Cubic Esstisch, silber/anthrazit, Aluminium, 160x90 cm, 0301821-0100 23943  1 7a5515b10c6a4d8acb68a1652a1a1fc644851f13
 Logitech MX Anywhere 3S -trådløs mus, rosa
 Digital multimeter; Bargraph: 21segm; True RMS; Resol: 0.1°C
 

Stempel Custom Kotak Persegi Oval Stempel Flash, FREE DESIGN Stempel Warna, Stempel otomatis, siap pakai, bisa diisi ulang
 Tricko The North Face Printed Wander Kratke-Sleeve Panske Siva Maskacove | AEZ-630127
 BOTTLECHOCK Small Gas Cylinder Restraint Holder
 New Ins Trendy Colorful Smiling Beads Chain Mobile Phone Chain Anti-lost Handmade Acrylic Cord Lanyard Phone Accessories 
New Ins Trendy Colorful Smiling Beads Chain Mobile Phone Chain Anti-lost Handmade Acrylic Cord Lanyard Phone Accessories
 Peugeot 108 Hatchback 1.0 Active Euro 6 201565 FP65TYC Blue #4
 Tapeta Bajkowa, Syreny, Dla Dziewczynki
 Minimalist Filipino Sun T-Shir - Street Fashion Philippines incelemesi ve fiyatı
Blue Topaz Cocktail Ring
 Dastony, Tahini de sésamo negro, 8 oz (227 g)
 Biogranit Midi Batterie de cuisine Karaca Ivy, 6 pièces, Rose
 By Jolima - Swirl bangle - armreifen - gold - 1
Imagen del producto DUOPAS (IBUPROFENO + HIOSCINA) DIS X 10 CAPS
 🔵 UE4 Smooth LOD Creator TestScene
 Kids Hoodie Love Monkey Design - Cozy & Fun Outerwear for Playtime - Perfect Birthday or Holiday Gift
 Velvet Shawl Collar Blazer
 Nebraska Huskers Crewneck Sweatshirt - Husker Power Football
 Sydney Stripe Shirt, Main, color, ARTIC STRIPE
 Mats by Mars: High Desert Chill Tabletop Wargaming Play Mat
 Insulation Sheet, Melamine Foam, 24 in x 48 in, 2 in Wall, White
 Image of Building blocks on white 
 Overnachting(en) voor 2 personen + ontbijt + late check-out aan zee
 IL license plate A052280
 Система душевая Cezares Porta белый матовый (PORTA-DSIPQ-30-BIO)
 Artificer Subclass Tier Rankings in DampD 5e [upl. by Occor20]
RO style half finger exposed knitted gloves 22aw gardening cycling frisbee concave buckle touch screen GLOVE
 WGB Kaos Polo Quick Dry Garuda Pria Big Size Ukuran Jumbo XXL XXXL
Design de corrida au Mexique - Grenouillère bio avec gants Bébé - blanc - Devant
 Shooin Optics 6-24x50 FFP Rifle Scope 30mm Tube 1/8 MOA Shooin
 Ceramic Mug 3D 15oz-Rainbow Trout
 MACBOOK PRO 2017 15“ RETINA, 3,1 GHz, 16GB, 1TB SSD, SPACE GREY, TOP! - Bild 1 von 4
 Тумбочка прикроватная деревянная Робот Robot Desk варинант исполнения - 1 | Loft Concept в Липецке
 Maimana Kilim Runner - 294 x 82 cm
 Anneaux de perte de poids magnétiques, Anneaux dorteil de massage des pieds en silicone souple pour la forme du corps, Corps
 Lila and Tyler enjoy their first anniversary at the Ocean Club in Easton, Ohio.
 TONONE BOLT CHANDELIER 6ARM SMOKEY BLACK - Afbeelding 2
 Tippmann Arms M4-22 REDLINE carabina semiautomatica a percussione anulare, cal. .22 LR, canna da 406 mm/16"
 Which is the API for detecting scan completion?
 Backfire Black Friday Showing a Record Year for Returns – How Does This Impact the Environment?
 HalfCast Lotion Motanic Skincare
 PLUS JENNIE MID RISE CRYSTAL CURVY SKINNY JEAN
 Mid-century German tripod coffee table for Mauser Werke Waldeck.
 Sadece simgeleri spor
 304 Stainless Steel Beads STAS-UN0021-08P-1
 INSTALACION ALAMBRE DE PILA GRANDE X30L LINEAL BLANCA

» What to produce
An exact copy of every record is what the answer must contain.

» Task response
Cubic Esstisch, silber/anthrazit, Aluminium, 160x90 cm, 0301821-0100 23943  1 7a5515b10c6a4d8acb68a1652a1a1fc644851f13
 Logitech MX Anywhere 3S -trådløs mus, rosa
 Digital multimeter; Bargraph: 21segm; True RMS; Resol: 0.1°C
 

Stempel Custom Kotak Persegi Oval Stempel Flash, FREE DESIGN Stempel Warna, Stempel otomatis, siap pakai, bisa diisi ulang
 Tricko The North Face Printed Wander Kratke-Sleeve Panske Siva Maskacove | AEZ-630127
 BOTTLECHOCK Small Gas Cylinder Restraint Holder
 New Ins Trendy Colorful Smiling Beads Chain Mobile Phone Chain Anti-lost Handmade Acrylic Cord Lanyard Phone Accessories 
New Ins Trendy Colorful Smiling Beads Chain Mobile Phone Chain Anti-lost Handmade Acrylic Cord Lanyard Phone Accessories
 Peugeot 108 Hatchback 1.0 Active Euro 6 201565 FP65TYC Blue #4
 Tapeta Bajkowa, Syreny, Dla Dziewczynki
 Minimalist Filipino Sun T-Shir - Street Fashion Philippines incelemesi ve fiyatı
Blue Topaz Cocktail Ring
 Dastony, Tahini de sésamo negro, 8 oz (227 g)
 Biogranit Midi Batterie de cuisine Karaca Ivy, 6 pièces, Rose
 By Jolima - Swirl bangle - armreifen - gold - 1
Imagen del producto DUOPAS (IBUPROFENO + HIOSCINA) DIS X 10 CAPS
 🔵 UE4 Smooth LOD Creator TestScene
 Kids Hoodie Love Monkey Design - Cozy & Fun Outerwear for Playtime - Perfect Birthday or Holiday Gift
 Velvet Shawl Collar Blazer
 Nebraska Huskers Crewneck Sweatshirt - Husker Power Football
 Sydney Stripe Shirt, Main, color, ARTIC STRIPE
 Mats by Mars: High Desert Chill Tabletop Wargaming Play Mat
 Insulation Sheet, Melamine Foam, 24 in x 48 in, 2 in Wall, White
 Image of Building blocks on white 
 Overnachting(en) voor 2 personen + ontbijt + late check-out aan zee
 IL license plate A052280
 Система душевая Cezares Porta белый матовый (PORTA-DSIPQ-30-BIO)
 Artificer Subclass Tier Rankings in DampD 5e [upl. by Occor20]
RO style half finger exposed knitted gloves 22aw gardening cycling frisbee concave buckle touch screen GLOVE
 WGB Kaos Polo Quick Dry Garuda Pria Big Size Ukuran Jumbo XXL XXXL
Design de corrida au Mexique - Grenouillère bio avec gants Bébé - blanc - Devant
 Shooin Optics 6-24x50 FFP Rifle Scope 30mm Tube 1/8 MOA Shooin
 Ceramic Mug 3D 15oz-Rainbow Trout
 MACBOOK PRO 2017 15“ RETINA, 3,1 GHz, 16GB, 1TB SSD, SPACE GREY, TOP! - Bild 1 von 4
 Тумбочка прикроватная деревянная Робот Robot Desk варинант исполнения - 1 | Loft Concept в Липецке
 Maimana Kilim Runner - 294 x 82 cm
 Anneaux de perte de poids magnétiques, Anneaux dorteil de massage des pieds en silicone souple pour la forme du corps, Corps
 Lila and Tyler enjoy their first anniversary at the Ocean Club in Easton, Ohio.
 TONONE BOLT CHANDELIER 6ARM SMOKEY BLACK - Afbeelding 2
 Tippmann Arms M4-22 REDLINE carabina semiautomatica a percussione anulare, cal. .22 LR, canna da 406 mm/16"
 Which is the API for detecting scan completion?
 Backfire Black Friday Showing a Record Year for Returns – How Does This Impact the Environment?
 HalfCast Lotion Motanic Skincare
 PLUS JENNIE MID RISE CRYSTAL CURVY SKINNY JEAN
 Mid-century German tripod coffee table for Mauser Werke Waldeck.
 Sadece simgeleri spor
 304 Stainless Steel Beads STAS-UN0021-08P-1
 INSTALACION ALAMBRE DE PILA GRANDE X30L LINEAL BLANCA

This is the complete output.